August 10, 2004

Single out and double up

Reader ACW reported a nice eggcorn overheard on NPR: "signaled out" for "singled out".

ACW emailed:

The eggcorn hunt must be getting old for you professionals.  But when I see or hear an unfamiliar one, I feel compelled to Report It At Once To The Authorities, and for the moment that seems to mean Dr. Liberman.  Let me know if you get tired of it.  In the meantime, as you have guessed, I have another one.

I heard it on NPR this weekend.  A family member of a soldier recently mustered to Iraq, I think it was, felt unfairly "signaled out".  Google finds a thousand or so of these, and in the twenty seconds or so that I spent getting a sense of the statistics, I got the impression that the eggcorn was outnumbered by the acorn by a factor of several hundred.  Caution: the hits for the unmarked form, "signal out", are dominated by prosaic devices sending out the usual kind of signals.

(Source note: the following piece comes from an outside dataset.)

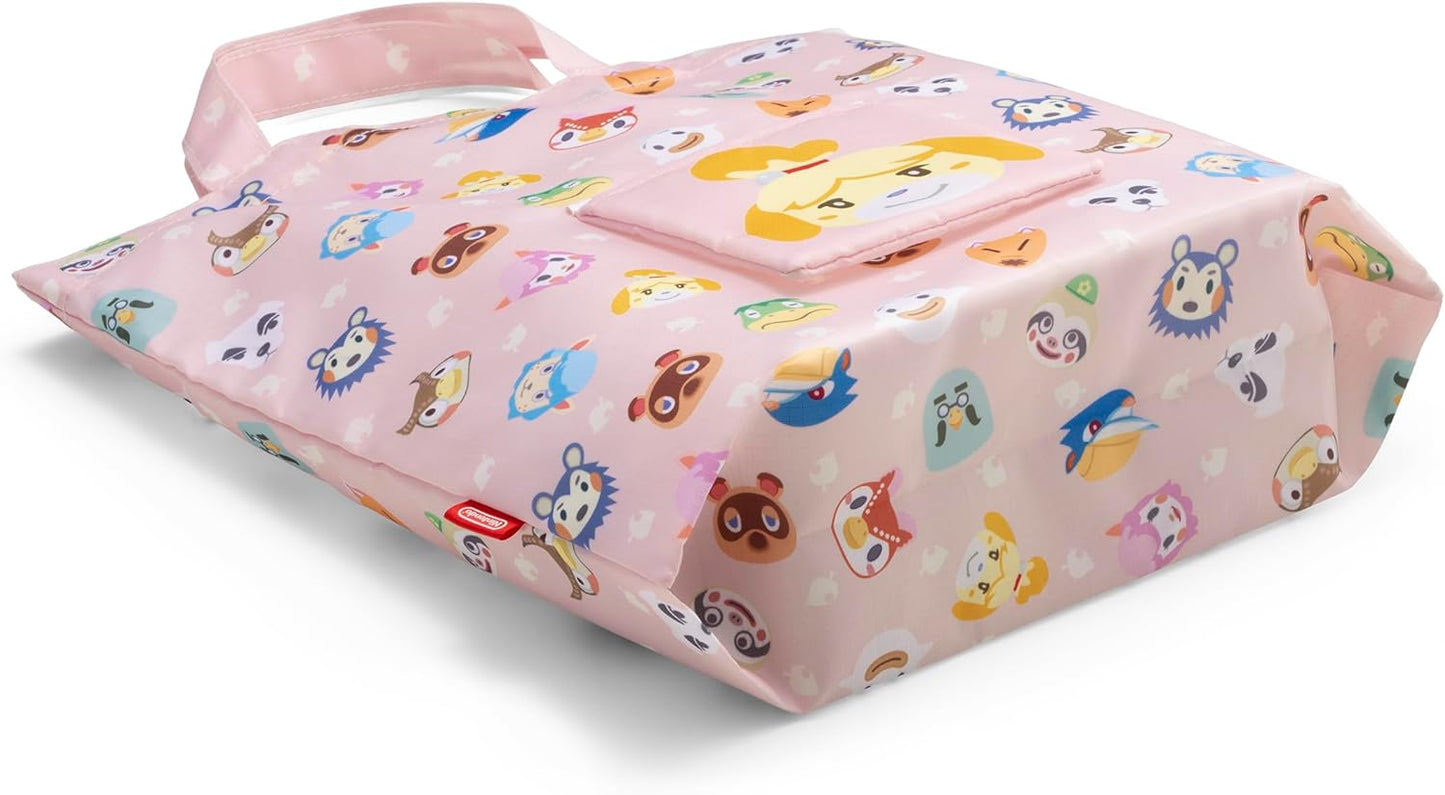 Nintendo Animal Crossing Wrapping x Eco Bag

It's always tempting to guess what the attraction of an eggcorn is.  There is always something about it that makes fortuitous sense.  It doesn't have to make much: consider the number of collocations like "by and large" that we use with no discernable compositional rationale.  But to succeed as an eggcorn, a collocation has to have something going for it, a theory that licenses it and makes it seem reasonable.  In the case of "being signaled out", I'm having trouble seeing it.  Maybe it's getting support from the slightly-weird fossil expression "signal opportunity"; maybe users have an image of being selected with a pointing finger, said finger being a "signal" of that selection.

Well, actually, when it comes to eggcorns, we're pretty much all amateurs. There's no official subdiscipline of eggcornology, nor any International Journal of Eggcorn Studies. Not even a panel discussion at the LSA.

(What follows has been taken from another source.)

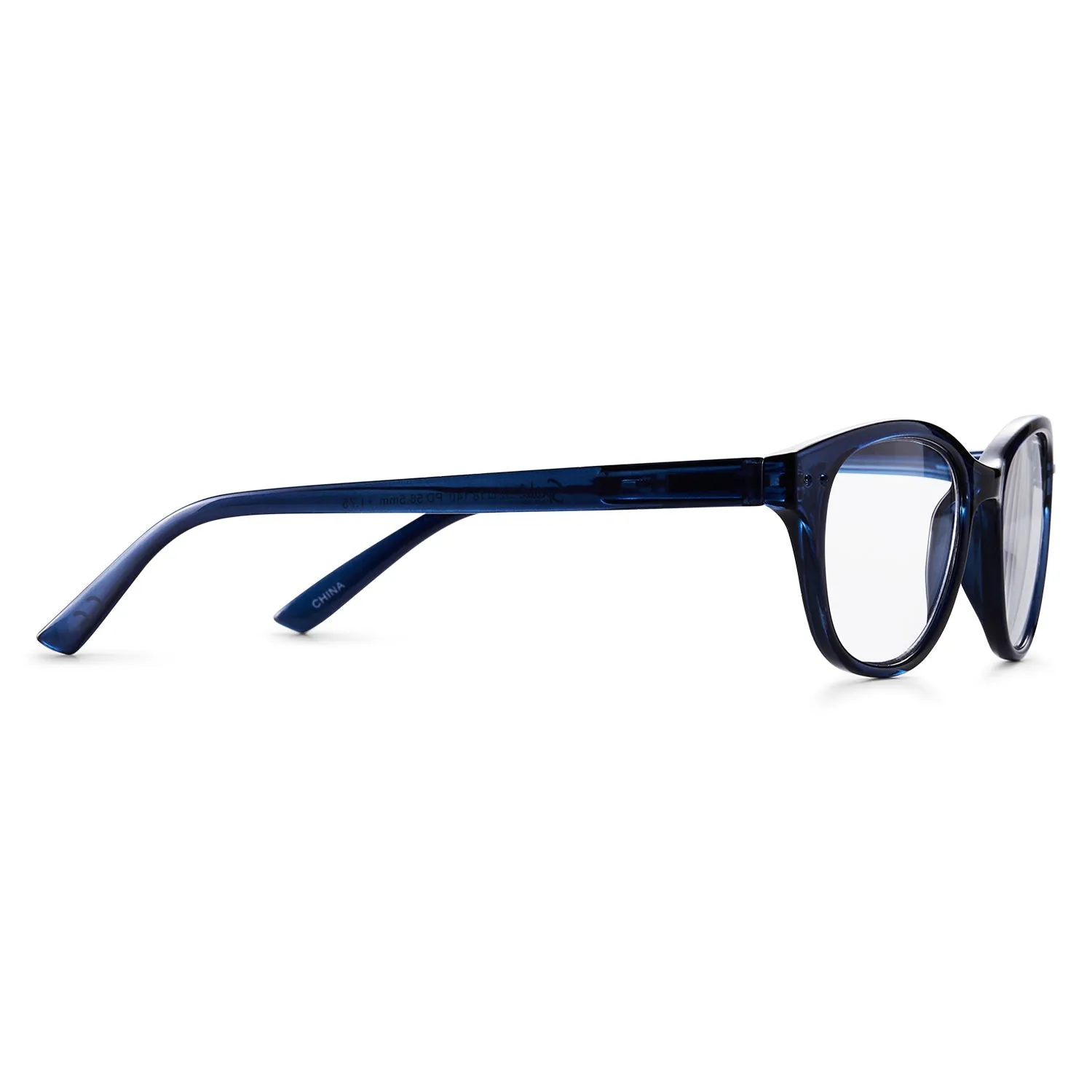 Dylan Glasses | Blue light blocking | Available with or without reading magnification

With respect to combinations like "single/signal out", it would be wrong to expect full compositionality. The combination of verbs with intransitive prepositions is one of the many pseudopods of morphological quasi-regularity that extend into the phrasal domain in English. There are lots of regular patterns, lots of idiosyncratic exceptions, and lots of small to medium-sized subregularities in between. So when you choose someone you've singled him out, but when you choose two people, you haven't doubled them out, or even coupled them out (though you might have coupled them up, depending on things work out). "Single out" seems to resonate with "point out", and so it's a little surprising that most people don't think you can signal someone out (unless you're an umpire). Of course you can't designate him out either (again with a possible exception for fancy descriptions of umpires). Though you can pick him out.

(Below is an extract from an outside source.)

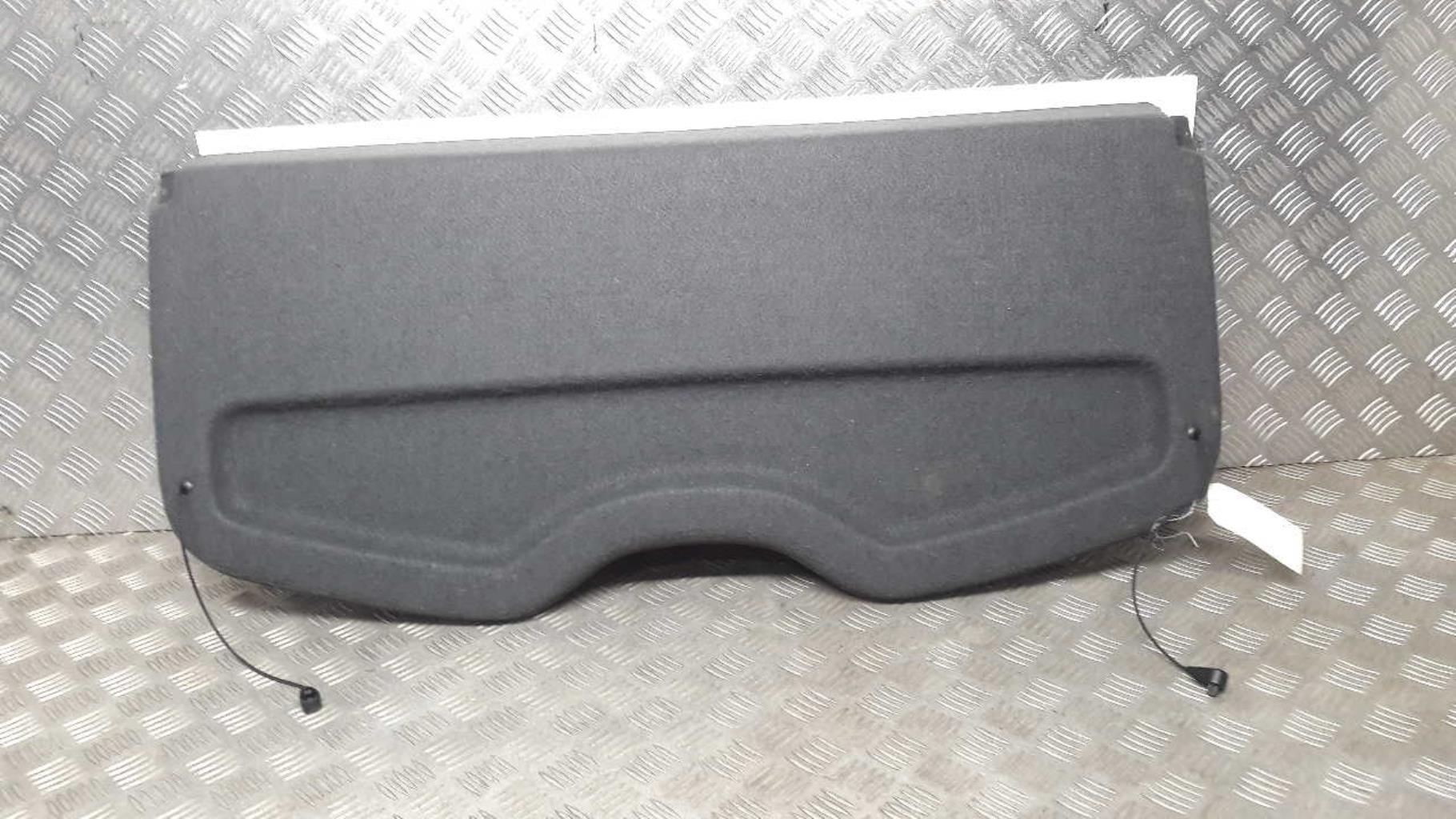 Plage arriere RENAULT CLIO 3 PHASE 1 Diesel - 1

There are two problems in parallel for the distribution of verbs with intransitive prepositions. The easy part is that some particular verb-preposition combinations get idiomatic meanings. The hard part is that even the most regular and compositional-seeming combinations often don't work. See this post from last spring for a discussion of this issue with VERB+up.

ACW's post brings up some other points that are worth more discussion. For example, he invites us to "consider the number of collocations like 'by and large' that we use with no discernable compositional rationale." So I did so, and I realized that I don't have any idea what that number is. And I wonder if anyone else does either.

Now, it's not easy to count the members of a category like that. When you ask "how many words are there in English?", the answer depends on what you mean by "word", what you mean by "English" -- and even what you mean by "how many" and by "are". Different answers to these questions can change the answers by large factors. Still, you can define the question more precisely, and find some specific answers in the literature, or make some counts based on text databases, on the lemma count of specific dictionaries, or on various combinations of these.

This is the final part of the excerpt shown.